ANS Nuclear Cafe Friday Matinee: Nuclear Power in Space!

September 27, 2019, 11:54AMANS Nuclear Cafe

Friday-Nuclear-Matinee

The news this week that NASA has contracted for as many as 12 of the new Orion manned space flight capsules brings again to focus the fact that the US is returning to manned space flight in a big way.  While orbital flights will be first, it's clear that a return to the moon is in the cards and that, perhaps, we may go to Mars.

How do you get power all the way out there?  Well, up to the old Apollo program we used sources like solar, fuel cells and batteries for the vehicles but the novel portable science stations left on the moon's surface were actually nuclear powered!  Further, the stations that were left there - known as "ALSEP" or Apollo Lunar Surface Experiments Package - operated for years after the actual Apollo program was ended at flight number 17.

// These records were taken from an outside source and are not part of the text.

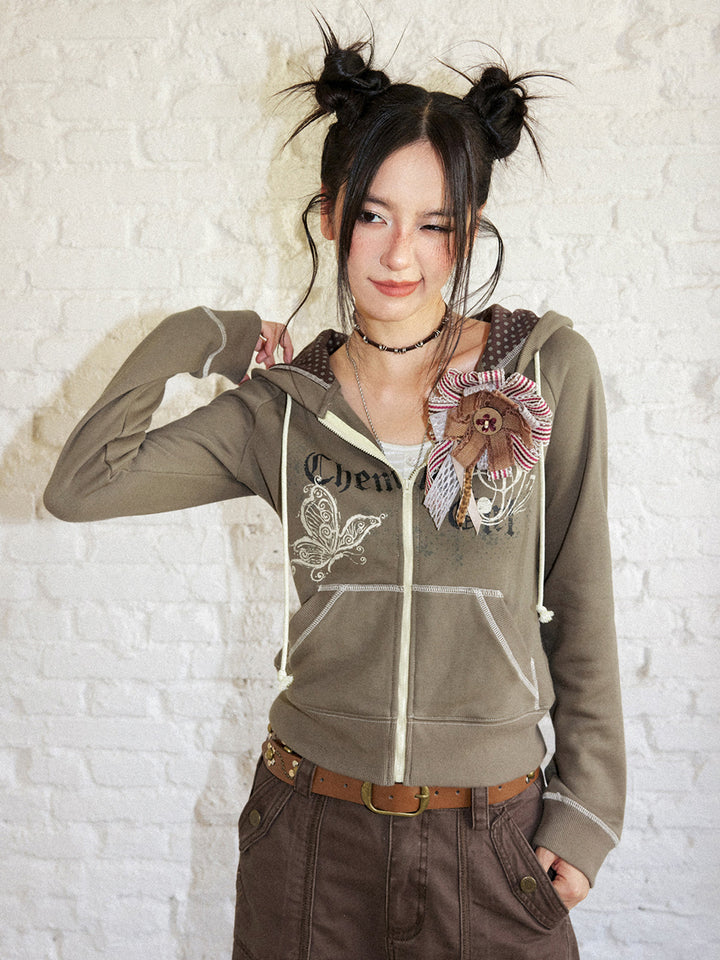 Butterfly Music Graphic Zip-Up Hoodie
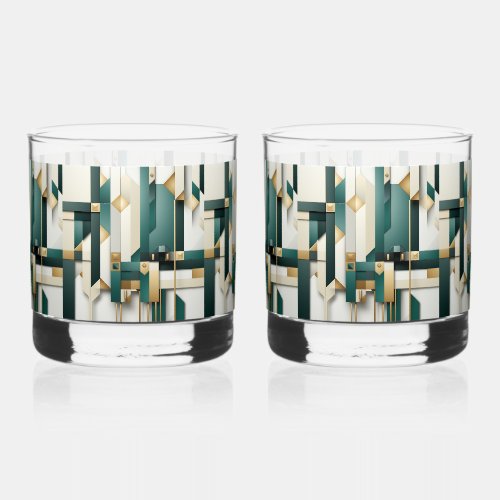 Turquoise Black White Gold Modern Geometric Whiskey Glass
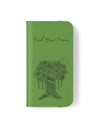 Phone Flip faux leather case with pockets and card storage. Peace Tree Mandala design-Green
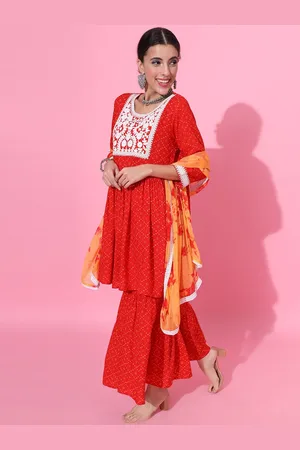 Jaipur Bandhani Printed Thread Work Anarkali Kurta with Sharara & With Dupatta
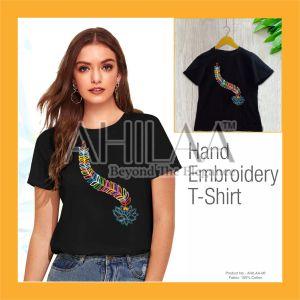 Feather Hand Embroidered Cotton T-Shirt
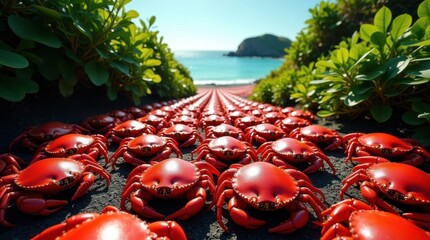 Massive migration of bright red crabs on a tropical island beach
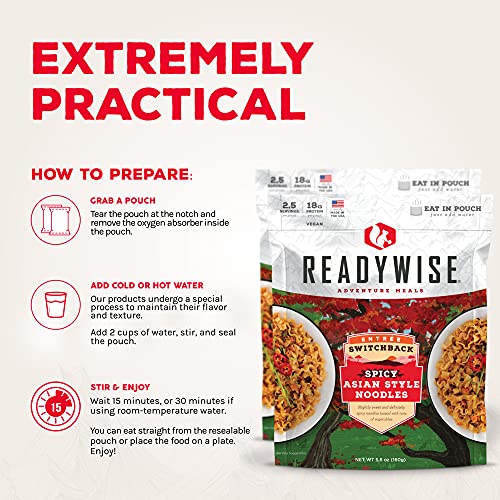 Readywise Outdoor Spicy Asian Style Noodles, Freeze-Dried Backpacking And Camping Meals, Tasty Meals And Snacks For Hiking, Backpacking, Or Emergency Preparedness, Pack Of 6 #TOP2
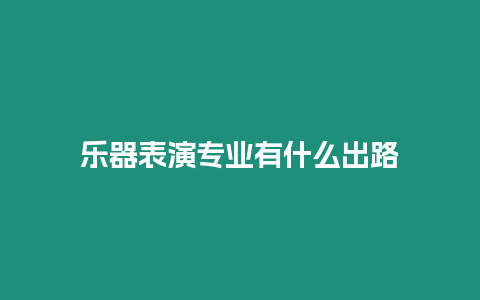 樂器表演專業有什么出路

In today's Matinee video, you can learn about the kind of nuclear power used to supply these ALSEPs as we take a look at "Atoms for Space," a film produced by the US Atomic Energy Commission at the start of the 1960's.  This interesting film covers both the SNAP battery power sources, driven by nuclear decay (as was used in the ALSEP) as well as true fission power systems.

It's been said that a voyage to Mars must be one of two things - either a long, drawn out haul which will require a lot of supplies and a long duration power source, or else a very fast out and back which will require a lot of propulsion power for high speed and particularly for braking force once arriving at Mars.  Either way, the solution best able to handle the job is nuclear energy.  For the long term flight, a nuclear battery or a group could be employed; for the high speed flight a nuclear rocket would be ideal.  And work is again underway right now to redevelop these nuclear space power sources!  That's why today's presentation is important - it shows that we've been there before (in terms of space nuclear) and can go back again.  And then to the moon, and beyond!